▶ **What the task requires**
Output the data below exactly as it is, dropping the pictures from your copy.

Records excerpted from a collection:

-*-*-

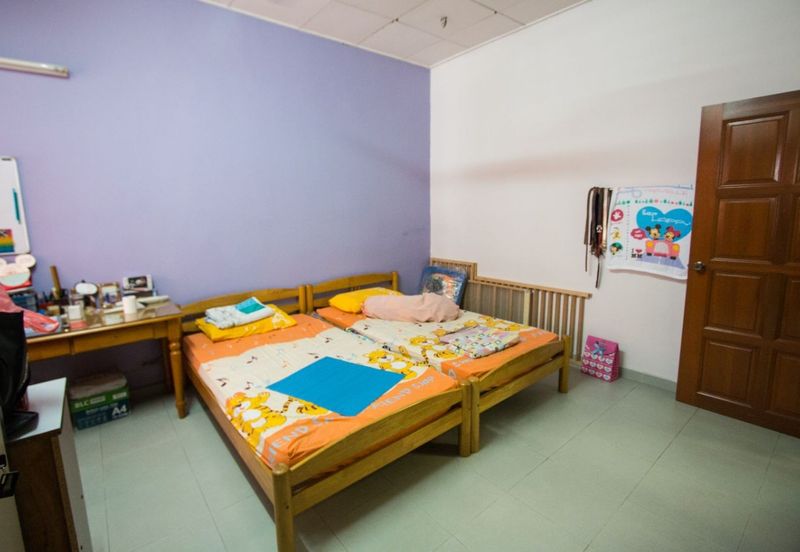 SL 4, Bandar Sungai Long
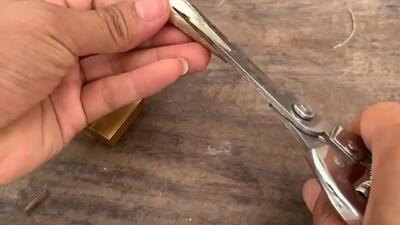 (ویدئو) کلیدساز خبر نکنید، با این روش قفل تان را بدون کلید باز کنید!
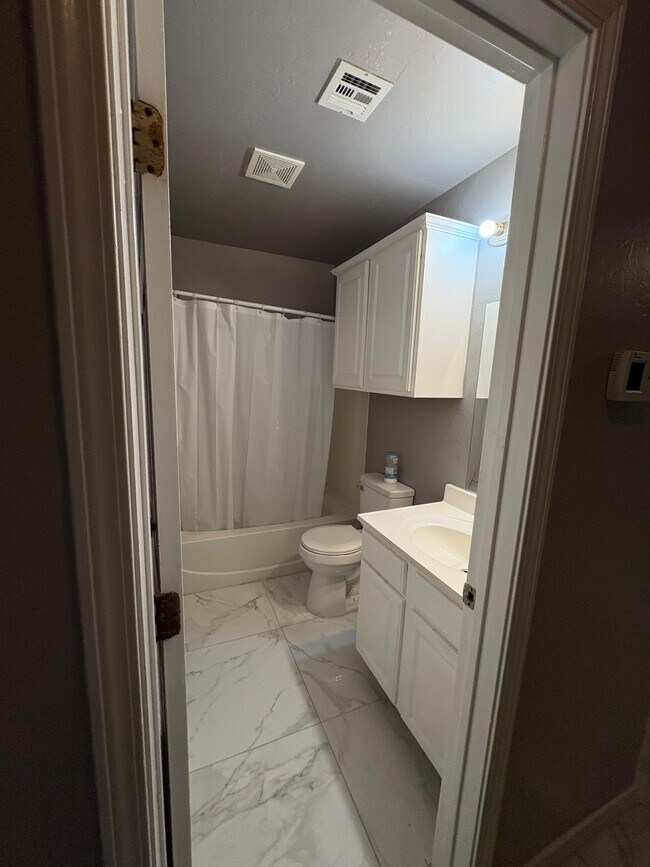 Building Photo - 1217 SW 18th St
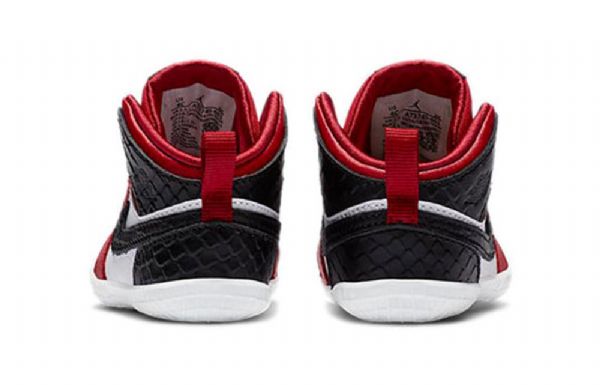 Nike Air Jordan 1 Retro Cb Basketball Shoes Barn Rød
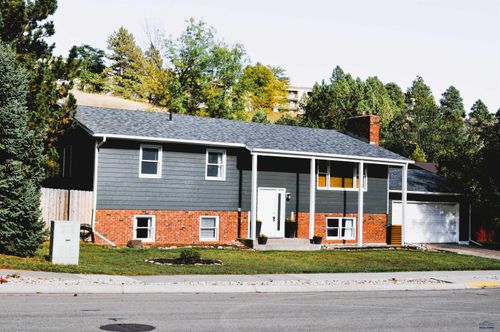 1302 38th St, Rapid City, SD, 57702-3102 | Card Image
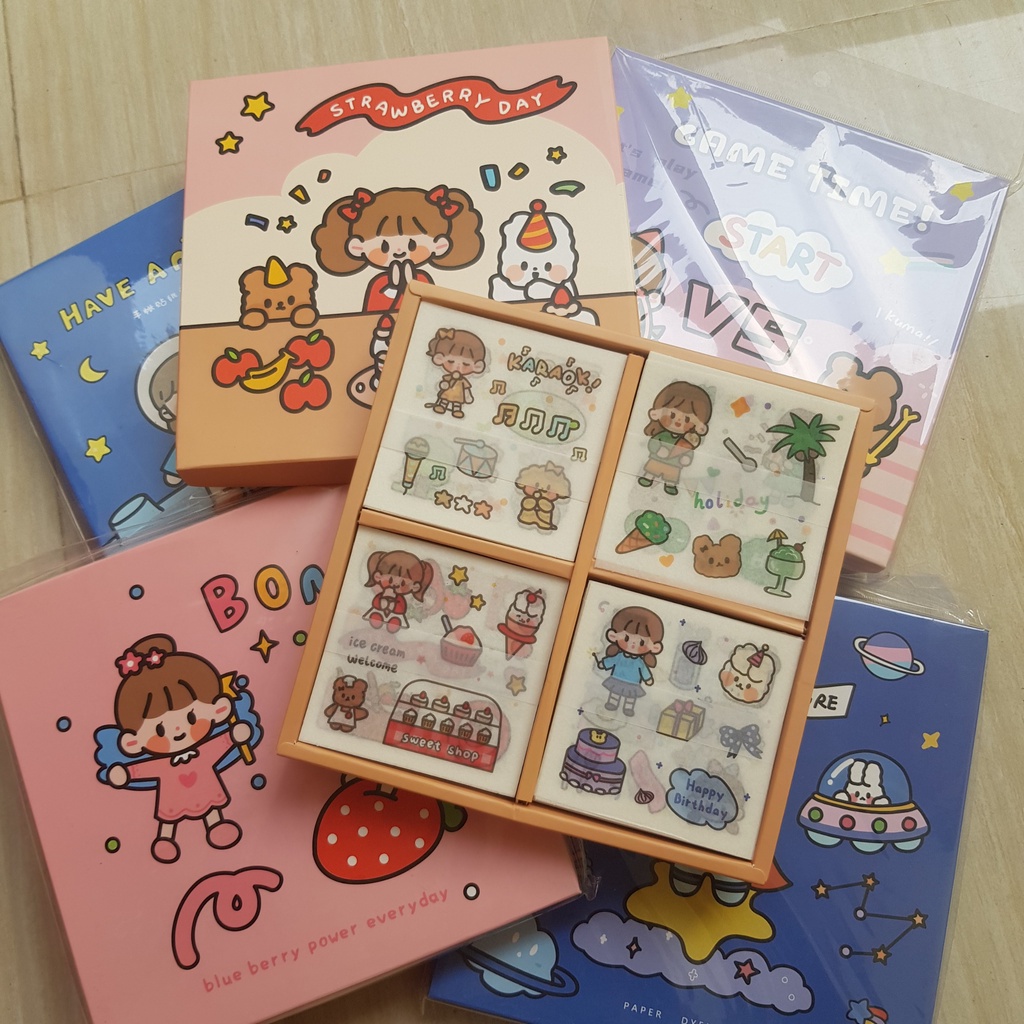 Miếng dán Sticker trang trí hoạt hình ngẫu nhiên, kích thước 8x8cm Decofu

-*-*-

▶ **Reply**
 SL 4, Bandar Sungai Long
 (ویدئو) کلیدساز خبر نکنید، با این روش قفل تان را بدون کلید باز کنید!
 Building Photo - 1217 SW 18th St
 Nike Air Jordan 1 Retro Cb Basketball Shoes Barn Rød
 1302 38th St, Rapid City, SD, 57702-3102 | Card Image
 Miếng dán Sticker trang trí hoạt hình ngẫu nhiên, kích thước 8x8cm Decofu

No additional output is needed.